Las emociones se me amontonan mientras escucho al Hamlet contar esto en una céntrica cafetería de San Salvador, mientras le veo gesticular como si acuchillara, destazara, como si repitiera con naturalidad los golpes con los que aquel día quebró huesos y pedaceó carne humana. Siento repugnancia, rabia ante la brutalidad de una muerte injusta, tan lejana a la justicia en la que yo creo. Una muerte impune, nunca denunciada, que nunca importó a nadie porque la víctima era un pandillero metido en ese agujero llamado cárcel en el que a los ciudadanos de bien no nos importa que se pudra la gente o se mate en ella. Para eso, parece, mandamos a seres humanos a prisión: para que no estorben, para olvidarlos, para deshacernos de ellos. En el fondo, los carniceros del Barrio 18 aquel día en aquel penal estaban haciendo un fúnebre servicio público. Desvanecieron a un hombre, a un problema. Despiojaron un poco, una pizca, El Salvador. Tal vez merecían una reducción de pena por ello. Siento una repugnancia que no solo salpica a los asesinos.

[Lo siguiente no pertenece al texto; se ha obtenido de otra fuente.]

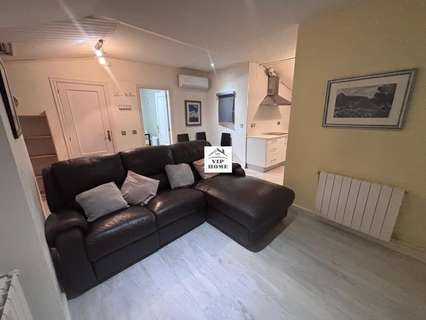 Apartamento en alquiler en Albacete
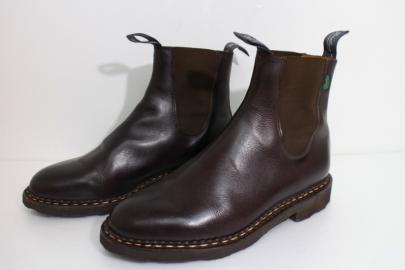 「キャリアファッションのPARABOOT 」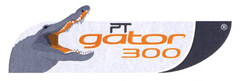 PT gator 300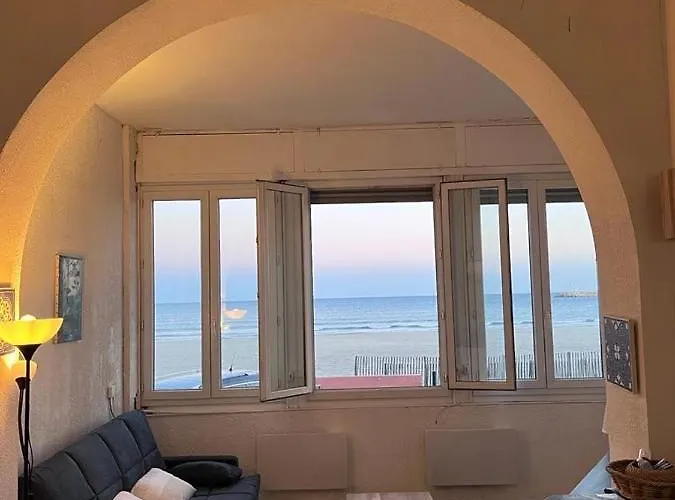 Maison Sur Mer Palavas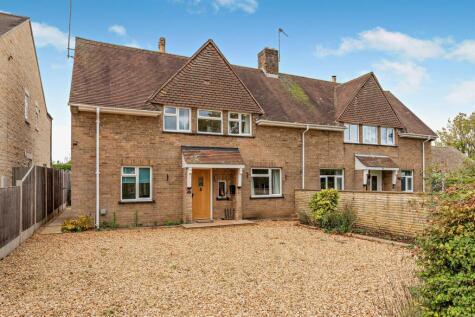 Elton Road, Wansford, Peterborough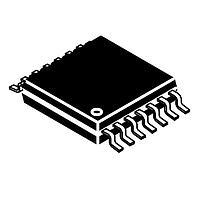 onsemi NCS603DTBR2G 2-Channel AUDIO LINE DRIVER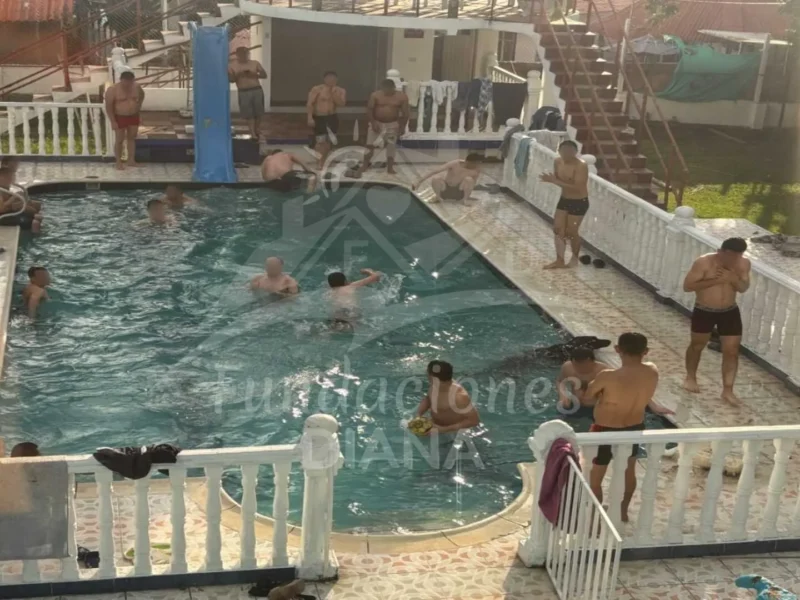 F168 Chinauta Fusagasugá Cundinamarca Centro De Rehabilitación Adicciones Drogadicción Ludopatía Alcoholismo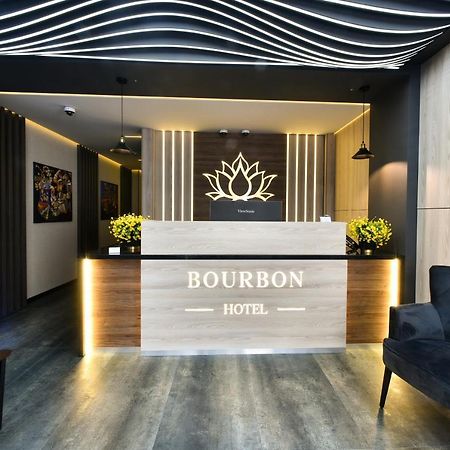 Bourbon Boutique Hotel Yerevan Luaran gambar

El Hamlet nos explica por qué él y otros dieciocheros mataron y despedazaron a su compañero. Pensaban que era homosexual. Cuando todos se emborrachaban en las celdas él bromeaba de una manera diferente a la del resto, se les insinuaba, jugaba a la ambigüedad. Había que matarlo, claro. Es una de las leyes básicas de la pandilla: no se admiten culeros.

—Pidió una segunda oportunidad. Que lo perdonáramos. Pero, ¿cómo le íbamos a perdonar eso? –dice el Hamlet y se ríe porque, claro, lo que decía el hommie era absurdo. Cómo se le va a dar a alguien una segunda oportunidad para no ser homosexual...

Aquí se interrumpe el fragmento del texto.